The Office of Fair Trading is switching its focus to those sectors and others through to 2023, after nearly 2700 compliance checks on businesses in the past financial year.
Of those, more than 250 were referred for investigation and more than 20 infringements were doled out, along with 105 official warnings and 35 compliance advice letters, Attorney-General Shannon Fentiman said.
"Importantly, Fair Trading will be focused on unlicensed motor dealers, the licensing and behaviour of security guards, and illegal tactics used by some real estate agents," she said.
"Conducting spot checks on businesses using illegal bait advertising techniques, particularly in the removalist services industry and online retailers, will also be a priority."

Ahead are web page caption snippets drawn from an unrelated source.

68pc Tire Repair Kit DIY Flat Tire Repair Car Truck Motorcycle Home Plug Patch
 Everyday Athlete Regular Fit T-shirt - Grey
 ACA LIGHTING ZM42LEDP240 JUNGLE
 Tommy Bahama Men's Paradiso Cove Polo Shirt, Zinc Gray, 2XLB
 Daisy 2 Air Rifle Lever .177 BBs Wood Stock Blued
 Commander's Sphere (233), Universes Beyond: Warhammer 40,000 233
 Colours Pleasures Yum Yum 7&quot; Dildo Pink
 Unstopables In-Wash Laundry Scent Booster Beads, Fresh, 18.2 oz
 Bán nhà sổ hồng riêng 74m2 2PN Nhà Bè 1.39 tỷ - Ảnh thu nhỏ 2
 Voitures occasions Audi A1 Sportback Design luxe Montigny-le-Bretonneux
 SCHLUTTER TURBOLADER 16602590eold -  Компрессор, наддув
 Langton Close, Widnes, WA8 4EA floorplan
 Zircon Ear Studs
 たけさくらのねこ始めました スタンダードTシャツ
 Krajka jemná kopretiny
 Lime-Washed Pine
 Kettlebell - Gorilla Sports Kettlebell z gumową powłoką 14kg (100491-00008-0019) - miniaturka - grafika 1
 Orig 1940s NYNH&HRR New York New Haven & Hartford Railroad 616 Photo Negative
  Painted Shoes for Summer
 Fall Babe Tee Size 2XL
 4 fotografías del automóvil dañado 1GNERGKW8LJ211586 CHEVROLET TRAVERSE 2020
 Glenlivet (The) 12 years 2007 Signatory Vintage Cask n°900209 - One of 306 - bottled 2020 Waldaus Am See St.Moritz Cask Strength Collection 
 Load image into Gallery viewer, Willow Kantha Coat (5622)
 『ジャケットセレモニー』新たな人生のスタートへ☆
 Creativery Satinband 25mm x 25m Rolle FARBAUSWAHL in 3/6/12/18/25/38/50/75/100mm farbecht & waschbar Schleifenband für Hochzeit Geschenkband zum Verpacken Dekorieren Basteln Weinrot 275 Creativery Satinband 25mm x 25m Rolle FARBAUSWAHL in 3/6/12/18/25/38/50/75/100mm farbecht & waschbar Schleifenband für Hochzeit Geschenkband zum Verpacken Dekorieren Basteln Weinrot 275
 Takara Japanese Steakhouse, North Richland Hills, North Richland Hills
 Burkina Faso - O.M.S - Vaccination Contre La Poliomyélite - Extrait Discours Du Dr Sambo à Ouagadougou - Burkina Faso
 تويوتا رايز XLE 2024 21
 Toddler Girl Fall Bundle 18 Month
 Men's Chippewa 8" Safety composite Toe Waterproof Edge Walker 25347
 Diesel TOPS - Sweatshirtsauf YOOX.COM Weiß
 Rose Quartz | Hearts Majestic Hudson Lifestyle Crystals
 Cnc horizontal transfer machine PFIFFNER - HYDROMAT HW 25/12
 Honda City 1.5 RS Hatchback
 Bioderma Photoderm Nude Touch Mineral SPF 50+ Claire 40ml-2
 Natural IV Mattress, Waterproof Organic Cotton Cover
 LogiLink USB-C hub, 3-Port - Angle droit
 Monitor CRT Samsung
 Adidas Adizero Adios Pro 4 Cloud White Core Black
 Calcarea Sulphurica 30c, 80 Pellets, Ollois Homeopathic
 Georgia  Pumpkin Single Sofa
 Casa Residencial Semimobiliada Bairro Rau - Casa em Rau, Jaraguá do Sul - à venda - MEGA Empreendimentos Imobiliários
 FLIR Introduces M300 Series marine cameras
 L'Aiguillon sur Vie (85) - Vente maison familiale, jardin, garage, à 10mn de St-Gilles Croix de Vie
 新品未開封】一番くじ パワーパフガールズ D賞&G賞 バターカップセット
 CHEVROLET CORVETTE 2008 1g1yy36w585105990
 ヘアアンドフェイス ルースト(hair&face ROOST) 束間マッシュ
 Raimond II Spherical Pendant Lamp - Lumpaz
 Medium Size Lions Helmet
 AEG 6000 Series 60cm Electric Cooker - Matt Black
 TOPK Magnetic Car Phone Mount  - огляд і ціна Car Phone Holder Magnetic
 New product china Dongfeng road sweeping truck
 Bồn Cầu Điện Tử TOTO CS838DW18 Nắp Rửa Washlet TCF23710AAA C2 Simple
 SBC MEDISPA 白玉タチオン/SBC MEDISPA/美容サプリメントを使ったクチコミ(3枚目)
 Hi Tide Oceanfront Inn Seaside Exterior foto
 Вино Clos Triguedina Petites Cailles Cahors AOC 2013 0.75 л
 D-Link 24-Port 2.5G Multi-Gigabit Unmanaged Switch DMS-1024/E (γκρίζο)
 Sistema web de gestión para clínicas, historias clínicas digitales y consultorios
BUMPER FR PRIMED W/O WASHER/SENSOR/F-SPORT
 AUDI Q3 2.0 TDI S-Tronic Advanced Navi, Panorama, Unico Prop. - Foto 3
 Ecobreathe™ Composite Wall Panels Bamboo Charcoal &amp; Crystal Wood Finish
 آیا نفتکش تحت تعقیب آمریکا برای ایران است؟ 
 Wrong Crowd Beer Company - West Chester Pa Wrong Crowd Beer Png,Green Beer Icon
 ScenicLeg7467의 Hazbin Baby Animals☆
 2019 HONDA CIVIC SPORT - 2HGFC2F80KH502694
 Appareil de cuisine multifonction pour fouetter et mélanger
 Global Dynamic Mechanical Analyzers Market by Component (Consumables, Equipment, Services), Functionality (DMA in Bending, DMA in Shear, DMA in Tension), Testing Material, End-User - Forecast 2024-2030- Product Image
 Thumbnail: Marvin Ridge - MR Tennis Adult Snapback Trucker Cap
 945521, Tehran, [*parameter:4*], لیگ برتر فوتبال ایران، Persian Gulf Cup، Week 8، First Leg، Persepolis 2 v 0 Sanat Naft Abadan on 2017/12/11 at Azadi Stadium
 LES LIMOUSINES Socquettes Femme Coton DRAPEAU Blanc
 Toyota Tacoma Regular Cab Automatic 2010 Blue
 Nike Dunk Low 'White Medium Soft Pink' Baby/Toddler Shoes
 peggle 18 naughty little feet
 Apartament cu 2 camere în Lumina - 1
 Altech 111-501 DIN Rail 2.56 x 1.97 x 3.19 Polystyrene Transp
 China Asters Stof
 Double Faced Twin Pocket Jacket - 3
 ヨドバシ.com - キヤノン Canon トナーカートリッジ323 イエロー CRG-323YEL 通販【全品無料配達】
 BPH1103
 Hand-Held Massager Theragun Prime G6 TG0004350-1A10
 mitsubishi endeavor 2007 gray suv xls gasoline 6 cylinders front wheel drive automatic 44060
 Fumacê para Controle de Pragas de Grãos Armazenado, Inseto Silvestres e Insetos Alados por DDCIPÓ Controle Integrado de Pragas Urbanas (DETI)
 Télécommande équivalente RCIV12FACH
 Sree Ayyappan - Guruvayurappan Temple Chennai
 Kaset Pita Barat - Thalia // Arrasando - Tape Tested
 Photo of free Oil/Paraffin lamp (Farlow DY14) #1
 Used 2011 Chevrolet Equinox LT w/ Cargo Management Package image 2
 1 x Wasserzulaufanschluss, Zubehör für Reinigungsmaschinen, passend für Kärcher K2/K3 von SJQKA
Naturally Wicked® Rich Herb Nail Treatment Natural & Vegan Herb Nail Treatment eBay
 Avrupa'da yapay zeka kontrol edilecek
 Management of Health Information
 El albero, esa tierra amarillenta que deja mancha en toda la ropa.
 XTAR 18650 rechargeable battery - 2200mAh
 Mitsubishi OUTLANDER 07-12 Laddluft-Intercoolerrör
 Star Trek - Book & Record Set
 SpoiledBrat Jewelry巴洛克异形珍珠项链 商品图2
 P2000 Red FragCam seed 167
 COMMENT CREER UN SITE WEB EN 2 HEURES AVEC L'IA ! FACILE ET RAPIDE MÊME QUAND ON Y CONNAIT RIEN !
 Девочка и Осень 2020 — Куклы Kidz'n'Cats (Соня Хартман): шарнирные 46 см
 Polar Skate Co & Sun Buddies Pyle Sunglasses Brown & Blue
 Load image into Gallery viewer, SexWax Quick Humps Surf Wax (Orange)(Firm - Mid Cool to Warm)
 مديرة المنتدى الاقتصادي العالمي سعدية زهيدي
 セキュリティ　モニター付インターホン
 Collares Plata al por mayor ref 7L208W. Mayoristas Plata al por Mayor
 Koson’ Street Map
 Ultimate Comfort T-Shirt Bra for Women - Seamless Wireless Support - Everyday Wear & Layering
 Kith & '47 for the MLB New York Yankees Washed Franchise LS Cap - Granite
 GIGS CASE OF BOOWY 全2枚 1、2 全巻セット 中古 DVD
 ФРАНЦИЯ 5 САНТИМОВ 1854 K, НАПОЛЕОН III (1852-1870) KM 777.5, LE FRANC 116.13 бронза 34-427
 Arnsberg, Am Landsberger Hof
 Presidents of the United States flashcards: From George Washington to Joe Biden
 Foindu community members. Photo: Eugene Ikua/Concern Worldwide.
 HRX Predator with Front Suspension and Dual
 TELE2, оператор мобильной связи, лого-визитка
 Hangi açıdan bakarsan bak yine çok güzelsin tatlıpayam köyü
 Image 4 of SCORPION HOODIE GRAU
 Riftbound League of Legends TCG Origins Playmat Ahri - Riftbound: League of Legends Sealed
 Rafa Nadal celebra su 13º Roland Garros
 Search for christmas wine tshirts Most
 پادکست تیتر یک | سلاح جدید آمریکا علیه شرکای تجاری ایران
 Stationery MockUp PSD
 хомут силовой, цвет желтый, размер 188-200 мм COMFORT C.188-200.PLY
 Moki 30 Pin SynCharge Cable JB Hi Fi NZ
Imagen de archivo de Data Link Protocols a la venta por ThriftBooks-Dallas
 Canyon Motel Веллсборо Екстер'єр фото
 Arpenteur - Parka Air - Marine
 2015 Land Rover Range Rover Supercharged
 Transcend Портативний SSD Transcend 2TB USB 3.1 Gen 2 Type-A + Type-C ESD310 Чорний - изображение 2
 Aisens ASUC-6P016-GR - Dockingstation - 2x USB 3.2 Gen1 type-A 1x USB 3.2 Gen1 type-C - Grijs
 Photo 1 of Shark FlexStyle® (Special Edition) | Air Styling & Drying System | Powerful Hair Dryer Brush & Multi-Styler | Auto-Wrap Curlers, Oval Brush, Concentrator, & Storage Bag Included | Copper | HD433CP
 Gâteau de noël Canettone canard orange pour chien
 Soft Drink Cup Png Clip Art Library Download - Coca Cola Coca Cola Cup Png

Dangerous products will also come under the office's spotlight, given new safety requirements for button batteries have kicked in, Ms Fentiman said.
New funeral pricing transparency laws came into effect on July 1.
Tattooists will be a focus for the office this year, after recent checks of 44 practitioners led to half of them being referred for investigation over possible legal breaches, Ms Fentiman said.
Another operation identified 18 second-hand dealers over potential breaches, with 15 referred for investigation.
A further sector the office is cracking down on this financial year is unregistered charities.